__Task details__. Within the data below, find the string "المروحة" and return each line where it occurs.
START Record extracts
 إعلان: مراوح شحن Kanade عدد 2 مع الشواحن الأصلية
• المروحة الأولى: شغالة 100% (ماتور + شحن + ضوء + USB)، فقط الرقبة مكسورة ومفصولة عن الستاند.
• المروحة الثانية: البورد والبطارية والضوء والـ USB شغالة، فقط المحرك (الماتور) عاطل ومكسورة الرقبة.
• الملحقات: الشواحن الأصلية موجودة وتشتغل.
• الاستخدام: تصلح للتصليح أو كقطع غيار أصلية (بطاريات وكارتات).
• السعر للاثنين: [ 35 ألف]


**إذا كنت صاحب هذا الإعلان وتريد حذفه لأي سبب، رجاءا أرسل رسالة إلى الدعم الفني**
END Record extracts
START Record extracts
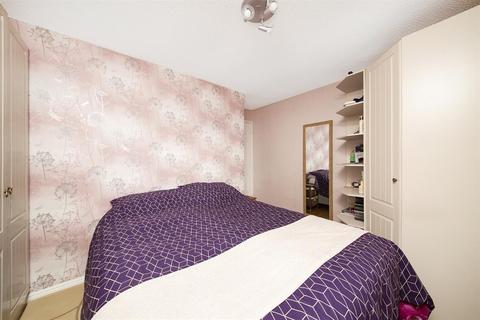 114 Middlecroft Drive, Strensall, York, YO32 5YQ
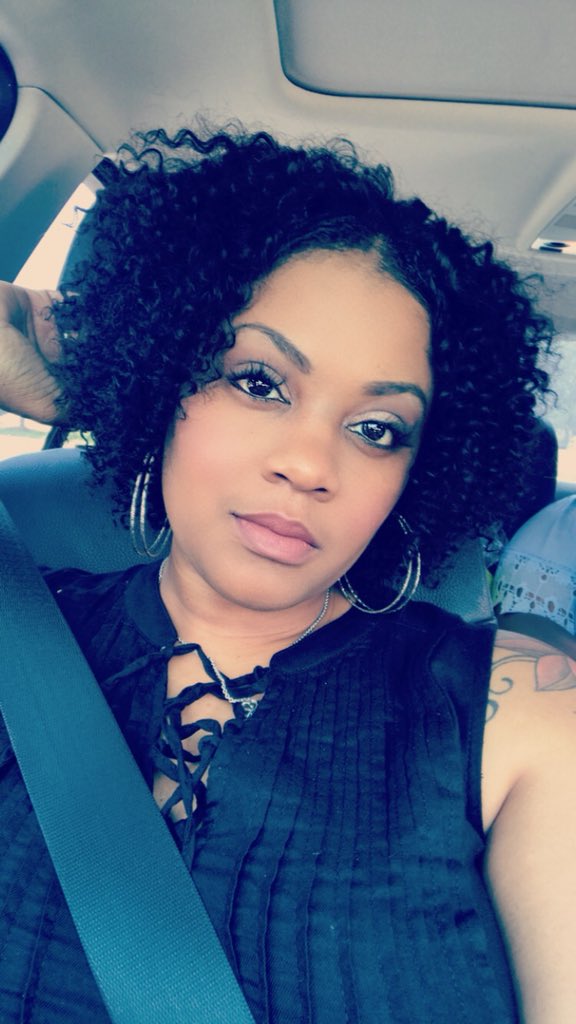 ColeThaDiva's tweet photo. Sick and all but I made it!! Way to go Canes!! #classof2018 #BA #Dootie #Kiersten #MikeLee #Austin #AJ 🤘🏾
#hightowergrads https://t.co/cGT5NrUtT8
END Record extracts
__Solution for this exercise__.
• المروحة الأولى: شغالة 100% (ماتور + شحن + ضوء + USB)، فقط الرقبة مكسورة ومفصولة عن الستاند.
• المروحة الثانية: البورد والبطارية والضوء والـ USB شغالة، فقط المحرك (الماتور) عاطل ومكسورة الرقبة.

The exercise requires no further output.